En cambio, si alguien se resiste a la redistribución de sus ingresos es multado, embargado y, a la postre, encarcelado. Si alguien expresa su opinión en contra de esa redistribución forzosa es calificado de insolidario, dando por descontado que esa postura emana de un sentimiento egoísta o de indiferencia hacia las necesidades de los demás.
“Si no crees que una persona tiene derecho a una vivienda o a una pensión digna, ¿significa que te da igual que duerma debajo de un puente o que no disponga de dinero durante su vejez?” Es la típica reacción del estatista a la postura del liberal. Como dice Theodore Darlympe, el socialismo atrofia la imaginación. Fuera de los derechos sociales parece que no sepan concebir ninguna alternativa a que la gente viva bajo un puente o los ancianos se mueran de hambre. No reparan en que el liberal, en lugar de limitarse a tranquilizar su conciencia apelando a supuestos derechos sociales, prefiere interesarse por la materialización práctica de ese derecho; a saber, cuál es la mejor manera de proveer viviendas a precios asequibles y hacer que nuestros mayores disfruten de cuantiosas pensiones, concluyendo que hay que liberalizar el suelo y privatizar las pensiones para que los trabajadores puedan capitalizar sus ahorros. Al final es el liberal quien pregunta al estatista: “¿te da igual que una persona duerma debajo de un puente o que un anciano tenga una pensión mísera mientras tu Estado del Bienestar declare solemnemente que garantiza una vivienda y una pensión digna a todos?”.
Lo más curioso, como señala Bryan Caplan, es que el Estado del Bienestar, con sus programas universales, ni siquiera cobra a los ricos para ayudar a los pobres.
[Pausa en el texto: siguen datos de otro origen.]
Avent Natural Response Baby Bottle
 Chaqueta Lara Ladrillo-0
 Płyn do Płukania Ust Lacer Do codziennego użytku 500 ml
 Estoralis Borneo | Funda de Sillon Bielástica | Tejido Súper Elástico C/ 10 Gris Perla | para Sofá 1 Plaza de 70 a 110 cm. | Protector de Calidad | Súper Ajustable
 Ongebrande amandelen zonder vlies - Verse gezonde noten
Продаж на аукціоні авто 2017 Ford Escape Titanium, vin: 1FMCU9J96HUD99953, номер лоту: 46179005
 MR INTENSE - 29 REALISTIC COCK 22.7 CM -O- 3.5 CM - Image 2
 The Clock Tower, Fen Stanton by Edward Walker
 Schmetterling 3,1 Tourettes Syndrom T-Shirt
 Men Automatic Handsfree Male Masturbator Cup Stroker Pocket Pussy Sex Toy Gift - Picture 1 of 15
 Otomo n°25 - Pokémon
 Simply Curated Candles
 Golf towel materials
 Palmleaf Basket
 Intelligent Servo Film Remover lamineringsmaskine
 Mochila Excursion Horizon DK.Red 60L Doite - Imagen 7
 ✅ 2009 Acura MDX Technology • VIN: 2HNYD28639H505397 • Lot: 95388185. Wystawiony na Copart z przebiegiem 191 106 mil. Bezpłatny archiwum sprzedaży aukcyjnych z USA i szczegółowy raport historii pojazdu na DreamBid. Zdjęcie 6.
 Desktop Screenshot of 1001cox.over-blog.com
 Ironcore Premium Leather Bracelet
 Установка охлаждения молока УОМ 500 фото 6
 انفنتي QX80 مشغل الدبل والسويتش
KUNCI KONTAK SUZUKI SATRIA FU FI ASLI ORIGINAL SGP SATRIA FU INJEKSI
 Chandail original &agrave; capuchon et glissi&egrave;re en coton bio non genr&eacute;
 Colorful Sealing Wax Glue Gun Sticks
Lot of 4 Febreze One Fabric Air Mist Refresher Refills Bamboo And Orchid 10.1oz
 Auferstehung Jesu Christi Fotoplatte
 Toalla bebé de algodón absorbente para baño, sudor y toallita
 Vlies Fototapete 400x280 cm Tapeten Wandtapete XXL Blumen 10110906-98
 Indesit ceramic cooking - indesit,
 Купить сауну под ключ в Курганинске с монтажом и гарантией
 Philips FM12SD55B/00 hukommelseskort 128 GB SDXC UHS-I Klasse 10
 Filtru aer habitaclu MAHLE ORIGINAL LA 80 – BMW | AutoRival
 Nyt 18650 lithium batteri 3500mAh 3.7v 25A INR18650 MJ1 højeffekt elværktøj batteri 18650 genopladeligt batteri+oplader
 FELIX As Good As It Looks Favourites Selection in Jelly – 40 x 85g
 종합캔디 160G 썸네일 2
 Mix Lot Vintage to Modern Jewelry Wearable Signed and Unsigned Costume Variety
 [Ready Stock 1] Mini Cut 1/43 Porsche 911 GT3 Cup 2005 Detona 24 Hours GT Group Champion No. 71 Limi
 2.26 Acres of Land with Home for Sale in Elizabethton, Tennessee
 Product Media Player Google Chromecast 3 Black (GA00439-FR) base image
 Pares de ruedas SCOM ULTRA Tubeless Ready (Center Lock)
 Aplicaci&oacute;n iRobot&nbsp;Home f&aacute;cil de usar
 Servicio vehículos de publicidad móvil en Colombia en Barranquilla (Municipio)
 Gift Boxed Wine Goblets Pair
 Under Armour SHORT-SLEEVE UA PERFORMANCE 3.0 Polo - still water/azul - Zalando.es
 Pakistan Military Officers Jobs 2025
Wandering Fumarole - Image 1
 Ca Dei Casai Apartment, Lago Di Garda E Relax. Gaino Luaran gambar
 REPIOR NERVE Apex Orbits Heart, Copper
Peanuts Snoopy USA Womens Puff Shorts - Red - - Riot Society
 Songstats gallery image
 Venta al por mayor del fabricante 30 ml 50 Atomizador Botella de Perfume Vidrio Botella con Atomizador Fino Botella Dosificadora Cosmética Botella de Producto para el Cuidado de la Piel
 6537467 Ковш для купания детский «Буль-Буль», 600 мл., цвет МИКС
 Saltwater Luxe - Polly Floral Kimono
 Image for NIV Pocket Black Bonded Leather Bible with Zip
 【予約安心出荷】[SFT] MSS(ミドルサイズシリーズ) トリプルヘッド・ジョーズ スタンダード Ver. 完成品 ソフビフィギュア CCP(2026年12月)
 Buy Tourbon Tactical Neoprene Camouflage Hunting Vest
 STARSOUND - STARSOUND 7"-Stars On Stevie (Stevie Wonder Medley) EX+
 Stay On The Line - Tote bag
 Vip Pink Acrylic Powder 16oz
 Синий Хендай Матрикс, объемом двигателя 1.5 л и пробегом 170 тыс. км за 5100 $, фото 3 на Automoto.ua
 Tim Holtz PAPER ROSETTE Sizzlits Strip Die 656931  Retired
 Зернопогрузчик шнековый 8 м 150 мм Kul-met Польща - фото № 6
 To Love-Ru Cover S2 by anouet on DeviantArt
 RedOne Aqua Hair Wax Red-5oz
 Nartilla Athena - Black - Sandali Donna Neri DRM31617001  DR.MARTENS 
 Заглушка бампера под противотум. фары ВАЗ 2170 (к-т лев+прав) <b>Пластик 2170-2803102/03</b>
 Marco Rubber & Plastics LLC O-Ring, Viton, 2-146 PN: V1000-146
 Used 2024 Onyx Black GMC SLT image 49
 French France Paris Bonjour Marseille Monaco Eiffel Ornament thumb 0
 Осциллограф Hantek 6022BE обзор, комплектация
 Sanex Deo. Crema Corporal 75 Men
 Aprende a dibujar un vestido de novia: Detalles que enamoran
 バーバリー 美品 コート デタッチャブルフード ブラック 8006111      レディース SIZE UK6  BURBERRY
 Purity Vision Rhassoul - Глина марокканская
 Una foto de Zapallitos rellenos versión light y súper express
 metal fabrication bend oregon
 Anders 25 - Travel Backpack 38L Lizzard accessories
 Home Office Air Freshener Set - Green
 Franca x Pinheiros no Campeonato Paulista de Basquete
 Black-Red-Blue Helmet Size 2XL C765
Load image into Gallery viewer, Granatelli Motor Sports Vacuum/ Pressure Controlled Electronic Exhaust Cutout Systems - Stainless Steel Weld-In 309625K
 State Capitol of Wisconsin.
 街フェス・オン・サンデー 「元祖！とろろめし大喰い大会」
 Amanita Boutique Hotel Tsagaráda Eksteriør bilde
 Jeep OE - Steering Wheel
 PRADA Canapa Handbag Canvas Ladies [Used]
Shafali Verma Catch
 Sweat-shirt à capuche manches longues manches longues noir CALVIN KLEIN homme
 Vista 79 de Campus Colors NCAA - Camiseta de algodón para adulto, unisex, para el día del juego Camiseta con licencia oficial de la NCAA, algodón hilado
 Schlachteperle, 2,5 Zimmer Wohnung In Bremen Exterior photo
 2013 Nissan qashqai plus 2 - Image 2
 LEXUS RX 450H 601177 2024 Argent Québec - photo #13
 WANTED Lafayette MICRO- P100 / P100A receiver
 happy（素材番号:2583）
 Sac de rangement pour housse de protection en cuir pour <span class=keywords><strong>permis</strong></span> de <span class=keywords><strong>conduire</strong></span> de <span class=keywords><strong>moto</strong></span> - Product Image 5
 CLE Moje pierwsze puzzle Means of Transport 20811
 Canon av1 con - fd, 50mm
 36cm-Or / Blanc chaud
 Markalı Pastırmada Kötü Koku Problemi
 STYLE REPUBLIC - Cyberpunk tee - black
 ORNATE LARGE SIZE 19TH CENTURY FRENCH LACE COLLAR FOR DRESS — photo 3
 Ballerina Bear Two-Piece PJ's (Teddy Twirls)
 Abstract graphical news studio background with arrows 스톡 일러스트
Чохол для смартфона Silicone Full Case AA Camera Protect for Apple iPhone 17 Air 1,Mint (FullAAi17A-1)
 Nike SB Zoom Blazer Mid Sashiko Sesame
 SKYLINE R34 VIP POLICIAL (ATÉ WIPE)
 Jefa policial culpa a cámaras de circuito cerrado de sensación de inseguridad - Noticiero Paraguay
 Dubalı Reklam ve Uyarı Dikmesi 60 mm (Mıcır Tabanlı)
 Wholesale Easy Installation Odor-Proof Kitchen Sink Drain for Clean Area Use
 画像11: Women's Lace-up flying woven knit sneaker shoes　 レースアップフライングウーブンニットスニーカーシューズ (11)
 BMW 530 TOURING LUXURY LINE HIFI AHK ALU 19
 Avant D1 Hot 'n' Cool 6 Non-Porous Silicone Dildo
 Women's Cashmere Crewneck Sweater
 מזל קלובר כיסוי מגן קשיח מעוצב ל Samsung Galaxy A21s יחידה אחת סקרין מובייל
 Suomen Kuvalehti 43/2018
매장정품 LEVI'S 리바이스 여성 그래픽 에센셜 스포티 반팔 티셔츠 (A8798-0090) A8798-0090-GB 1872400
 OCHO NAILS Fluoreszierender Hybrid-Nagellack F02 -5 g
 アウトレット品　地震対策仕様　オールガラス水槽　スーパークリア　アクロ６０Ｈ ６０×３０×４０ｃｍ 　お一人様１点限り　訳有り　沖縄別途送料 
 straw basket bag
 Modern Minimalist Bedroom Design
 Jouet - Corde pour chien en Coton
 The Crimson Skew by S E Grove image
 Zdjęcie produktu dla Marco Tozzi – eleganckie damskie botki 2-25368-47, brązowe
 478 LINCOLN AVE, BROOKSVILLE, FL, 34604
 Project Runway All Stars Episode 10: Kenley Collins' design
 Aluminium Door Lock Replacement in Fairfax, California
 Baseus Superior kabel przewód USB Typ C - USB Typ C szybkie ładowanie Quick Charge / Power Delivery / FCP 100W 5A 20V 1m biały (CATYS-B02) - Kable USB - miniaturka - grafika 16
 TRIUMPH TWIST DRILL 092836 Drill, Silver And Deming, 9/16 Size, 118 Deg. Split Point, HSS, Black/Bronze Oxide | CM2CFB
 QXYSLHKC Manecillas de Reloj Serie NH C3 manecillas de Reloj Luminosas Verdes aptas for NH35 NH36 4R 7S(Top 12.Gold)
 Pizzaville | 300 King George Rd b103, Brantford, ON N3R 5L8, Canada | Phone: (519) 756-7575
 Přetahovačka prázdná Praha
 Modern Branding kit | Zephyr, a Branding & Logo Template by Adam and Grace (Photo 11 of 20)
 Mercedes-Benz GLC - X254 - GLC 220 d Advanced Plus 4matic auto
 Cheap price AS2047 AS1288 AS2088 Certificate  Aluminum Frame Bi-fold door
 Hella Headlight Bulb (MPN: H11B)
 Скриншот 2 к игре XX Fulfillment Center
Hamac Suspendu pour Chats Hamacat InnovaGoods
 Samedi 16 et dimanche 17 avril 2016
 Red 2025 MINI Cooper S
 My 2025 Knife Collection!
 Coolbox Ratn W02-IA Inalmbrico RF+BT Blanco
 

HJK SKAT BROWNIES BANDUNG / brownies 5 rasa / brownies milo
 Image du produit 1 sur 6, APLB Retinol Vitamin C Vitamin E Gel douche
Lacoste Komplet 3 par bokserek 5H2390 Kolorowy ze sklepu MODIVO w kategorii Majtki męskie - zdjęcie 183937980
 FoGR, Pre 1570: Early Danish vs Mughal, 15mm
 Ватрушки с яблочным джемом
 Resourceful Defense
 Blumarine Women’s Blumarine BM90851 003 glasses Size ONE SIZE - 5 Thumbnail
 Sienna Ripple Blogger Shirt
Retórica aparte, la redistribución es básicamente horizontal, y esto es así por razones de incentivos, grupos de interés y dinámica electoral. El Estado no carga un impuesto a Pedro para ayudar a Juan, cargan un impuesto a Pedro para ayudar a Pedro. O, en palabras de Bastiat, “el Estado es la ficción por la cual todos pretenden vivir a costa de los demás”.